In 1904, Mansfield Merriman, a civil engineering professor at Lehigh University and respected expert on hydraulics, delivered a report to Jay S. Moyer of the Lehigh Coal and Navigation Company. In December 1903, Moyer had commissioned Merriman to conduct a detailed survey of the Lehigh Canal system and determine the feasibility of generating power from the channeled water. This was not a novel idea. The Lehigh Canal was primarily built for the transportation of coal, but other large canal systems, such as the Augusta Canal, were constructed solely for their hydraulic power, with transportation a convenient and lucrative secondary benefit.
Working in an office full of documents relating to river flow, flood stages, lock heights, land ownership issues, and turbine schematics, Merriman pieced together an estimate of the latent power of the river and its canals, as well as a tally of the power generated from existing plants. In his Report on the Water Power Obtainable from the Lehigh Canal, Merriman offered several specific conclusions:
1) The amount of power generated by the plants existing in 1904 was approximately 2300 horse power.
2) Twenty-nine additional locations could provide sites for power plants. These new plants could generate 10200 horse power, 80 percent of the time (when the river was high enough.)
3) The amount of power “wasted” by the Lehigh’s nine dams was approximately 8000 horse power.

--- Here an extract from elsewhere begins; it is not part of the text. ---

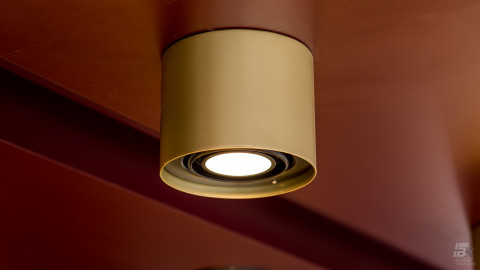 Detail van een lamp (spot) van een aanhangwagen voor bloemen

He also noted, possibly with an eye towards the railroad-dominated future, “that the accounts of power above stated as obtainable from the canal may be very materially increased if boat navigation should ever become discontinued, since higher velocities [of water]…may be permitted,” therefore providing more “fuel” for the hydraulic turbines.
[One of the D&L’s interpretive signs describes the nineteenth-century hydroelectric power industry in Slatington.]
Forgotten during the years of coal and oil abundance and energy security, the idea of harnessing the water power of canals is experiencing a renaissance. Innovated hydraulic technologies, such as the Gorlov Helical Turbine, make small-scale, aesthetically-pleasing power generation a real possibility. Constructed to power a specific building or tied into the grid, these projects could help ease our reliance on fossil fuels and even contribute funds to trail and preservation projects.
[Mansfield’s 1904 report to Moyer is available from the Special Collections of Lehigh University Library, Bethlehem, PA.]